**PARTICLE: Part Discovery and Contrastive Learning for Fine-grained Recognition**
  [Oindrila Saha](http://oindrilasaha.github.io), [Subhransu Maji](http://people.cs.umass.edu/~smaji/)
  _University of Massachusetts - Amherst_

![Figure [coarsesup_splash]: **Self-supervised fine-tuning using part discovery and contrastive learning (PARTICLE)** : Given a collection of unlabeled images, at each iteration we cluster pixels features from an initial network to obtain part segmentations, and fine-tune the network using a contrastive objective between parts.](./‎partaware.jpg)

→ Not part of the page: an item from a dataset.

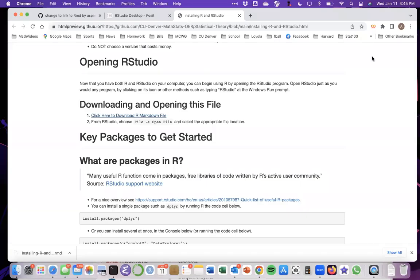All right, welcome everybody. In this video, I want to pick up with where we left off, which was we had just installed R and RStudio and opened it up on your computer to make sure everything installed correctly.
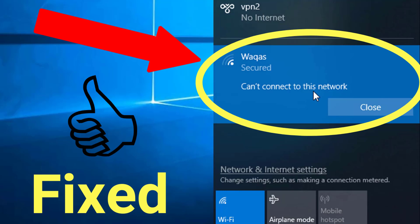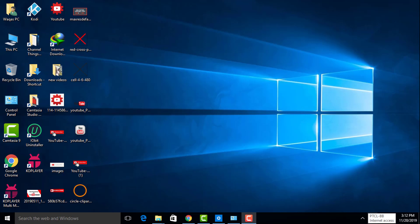Hello everybody, welcome to my Wisely Stream and Tech channel. In this video I'm going to show you how to fix the 'Can't connect to this network' problem in Windows 10. This error is very annoying and comes while connecting Wi-Fi on Windows 10, mostly on Windows 10 Pro. This error may also come on other Windows versions like Windows 7 and Windows 8.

We develop techniques for refining representations for fine-grained classification and segmentation tasks in a self-supervised manner. We find that fine-tuning methods based on instance-discriminative contrastive learning are not as effective, and posit that recognizing part-specific variations is crucial for fine-grained categorization. We present an iterative learning approach that incorporates part-centric equivariance and invariance objectives. First, pixel representations are clustered to discover parts. We analyze the representations from convolutional and vision transformer networks that are best suited for this task. Then, a part-centric learning step aggregates and contrasts representations of parts within an image. We show that this improves the performance on image classification and part segmentation tasks across datasets. For example, under a linear-evaluation scheme, the classification accuracy of a ResNet50 trained on ImageNet using DetCon, a self-supervised learning approach, improves from 35.4% to 42.0% on the Caltech-UCSD Birds, from 35.5% to 44.1% on the FGVC Aircraft, and from 29.7% to 37.4% on the Stanford Cars. We also observe significant gains in few-shot part segmentation tasks using the proposed technique, while instance-discriminative learning was not as effective. Smaller, yet consistent, improvements are also observed for stronger networks based on transformers.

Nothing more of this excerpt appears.